Als weiterer schwerer Verfahrensfehler stellt sich die aus den vorstehenden Ausführungen ergebende Zuständigkeit des AG infolge der Doppelzuständigkeit auf Grund des Doppelwohnsitzes des betroffenen Kindes dar. Entgegen den Ausführungen im Verweisungsbeschluss vom 20. 8. 2002 hat sich an der örtlichen Zuständigkeit des AG Senftenberg auch nichts dadurch geändert, dass dem AG nachträglich zur Kenntnis gelangt ist, dass das betroffene Kind bereits seit Mai 2002 bei der Mutter lebt und dort auch gemeldet ist. Auf den tatsächlichen Aufenthaltsort des betroffenen Kindes kommt es, solange das Sorgerecht beider Elternteile fortbesteht, nicht an, wie aus den oben stehenden Ausführungen ersichtlich ist. Selbst wenn die Eltern den Aufenthaltsort des Kindes einverständlich bestimmen würden oder wenn einem der Eltern das alleinige Aufenthaltsbestimmungsrecht übertragen würde, ändert dies nichts, solange im Übrigen die gemeinsame elterliche Sorge fortbesteht (OLG Stuttgart, FamRZ 2003, 395). Insoweit kann auch mangels einer näheren Begründung im Verweisungsbeschluss nicht nachvollzogen werden, weshalb das AG zunächst zutreffend unter Berücksichtigung des bestehenden Doppelwohnsitzes seine örtliche Zuständigkeit im Eilverfahren bejaht hat (vgl. den Beschl. v. 2. 7. 2002), nunmehr aber ohne nähere Angabe einer Begründung von diesen zutreffenden Gründen abweicht und allein auf den Aufenthalt des betroffenen Kindes bei der Mutter abstellen will.
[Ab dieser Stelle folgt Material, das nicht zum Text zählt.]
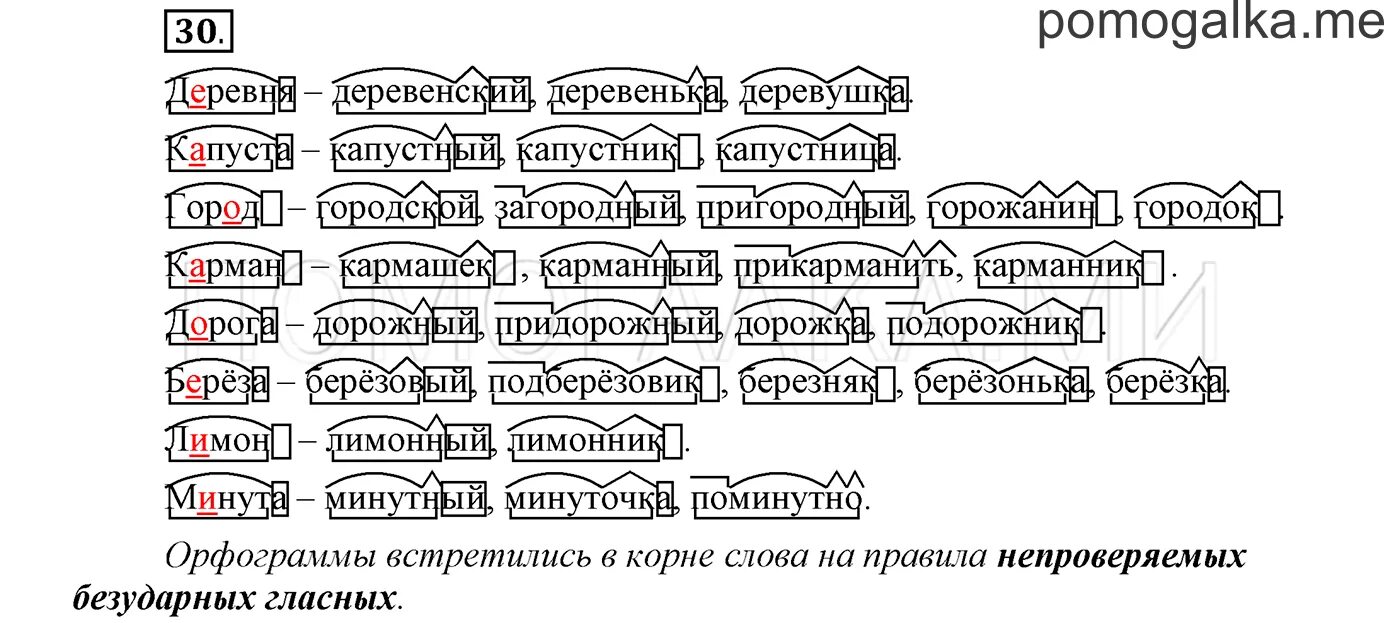 Деревенька корень слова. Деревенька однокоренные слова. Деревенский корень слова. Деревня однокоренные слова. Разбор по составу слово проверенного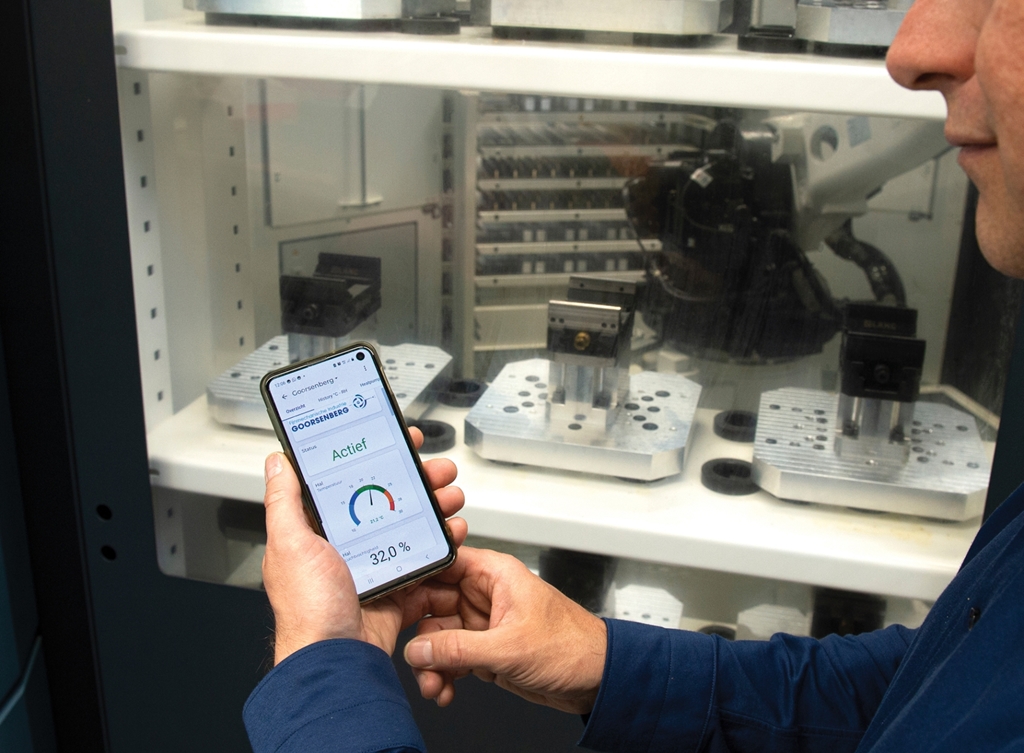 Besturing op afstand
Dahingestellt sein kann, ob nicht eine Abgabe gem. §§ 46, 64 III 2 FGG in Betracht kommt, da das AG ein solches Verfahren bisher nicht eingeleitet und der Senat zudem lediglich über die Frage zur Zuständigkeit gem. § 36 I Nr. 6 ZPO zu entscheiden hat.
(Mitgeteilt von Richter am OLG F. Götsche, Brandenburg)
Anm. d. Red.:
Zu Zuständigkeitsproblemen in der familiengerichtlichen Praxis s. Schwolow, FPR 2002, 605; s. auch OLG Jena, FamRZ 2002, 625; OLG Bamberg, FamRZ 2001, 777.